# Laser Measure?



## kimberland30 (Jan 22, 2008)

DH is looking for a laser tape measure and I'm not sure where to point him. We've tried the box stores and local home improvement places with no luck. I've looked online and the prices range from about $30 to over $400.

He works in flooring and does measurements all day. Having a laser measure would make his job so much faster, and I want to get him this as a "just because" gift. 

I don't want to spend a lot of money but I would like something that works, and something reliable.

Any recs?

Thanks!!


----------



## PaliBob (Jun 11, 2008)

The $300 Stabila is very hot now







http://www.amazon.com/Stabila-06150-Laser-Distance-Measurer/dp/B000OVA2VW

The $150 Stabila is a good value
http://www.amazon.com/Stabila-06300...ref=sr_1_1?ie=UTF8&s=hi&qid=1239632321&sr=8-1

Buying a Laser Distance tool is confusing now because of their advertising claims e.g. ft & inches is not as good as running inches IMO. If you want to be confused here is a thread over on JLC:
http://forums.jlconline.com/forums/showthread.php?t=47435


----------



## brokenknee (Dec 13, 2008)

Make sure you get a true laser measure; some say laser but that is just the pointer, they measure by ultra sonic waves. They are no way near as accurate as they can be effected by anything that may be in the way of the sound wave.

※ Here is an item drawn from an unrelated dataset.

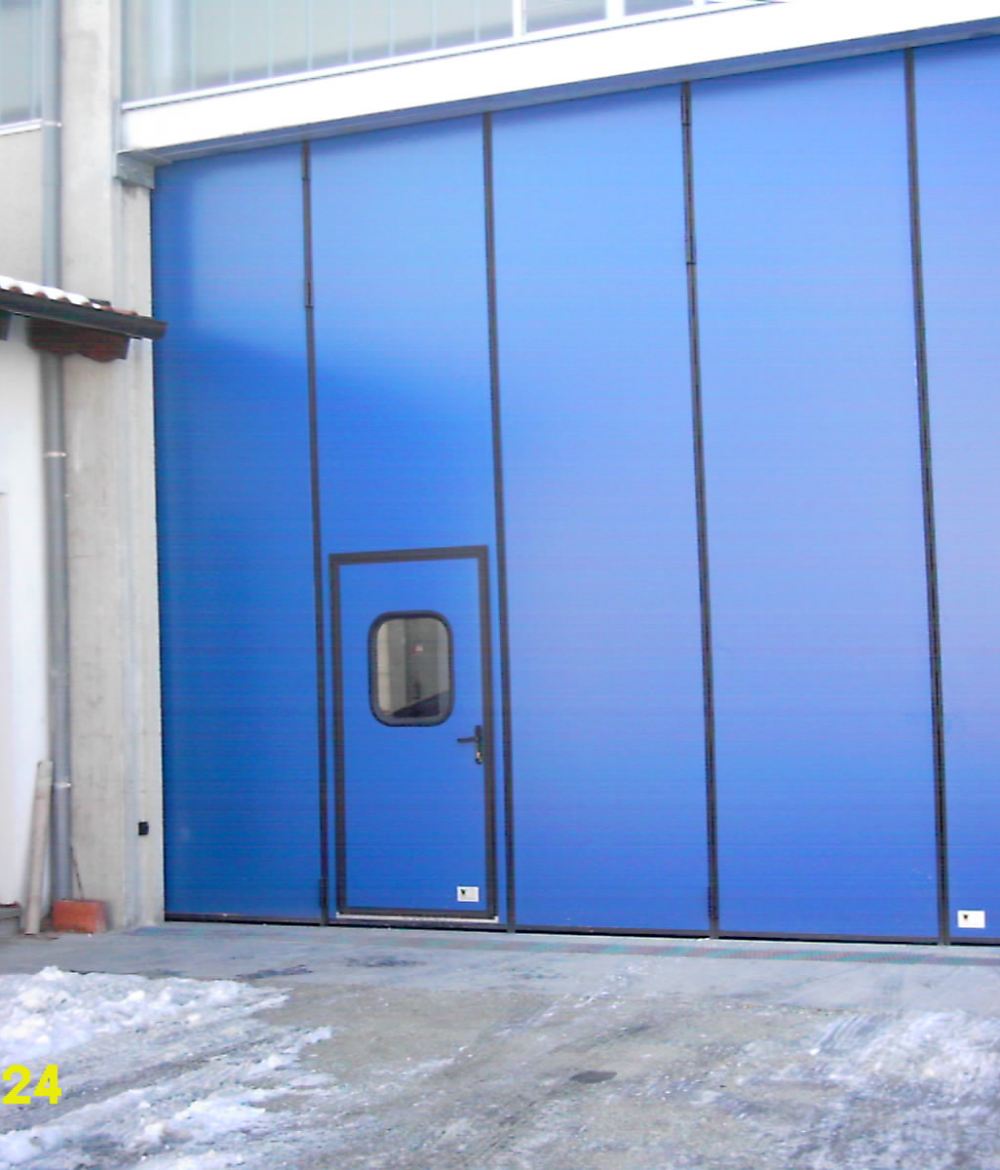 Portoni Industriali a Libro Pastore - Securvip con Guida Inferiore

If all of his measuring is inside the Stanly fat-max should do the job, they range in price from $79 on sale to $99 regular price. They claim to be accurate within 1/4 of an inch with in 100 feet. I used one when I was a real estate appraiser. When I first started using it I would double check the measurements just to be sure (I was filling out legal documents).

The more expensive lasers have longer measuring capabilities and a brighter laser for outdoor measurement. They may also have extra features: such as blue tooth, and functions to triangulate a measurement.


----------



## DangerMouse (Jul 17, 2008)

brokenknee is correct, i got a 'Strait-Line sonic laser tape' as a gift.... -=chuckle=- 
you pay shipping and it's yours.... 
they can't even spell 'straight' correctly....i still use a tape measure......

DM


----------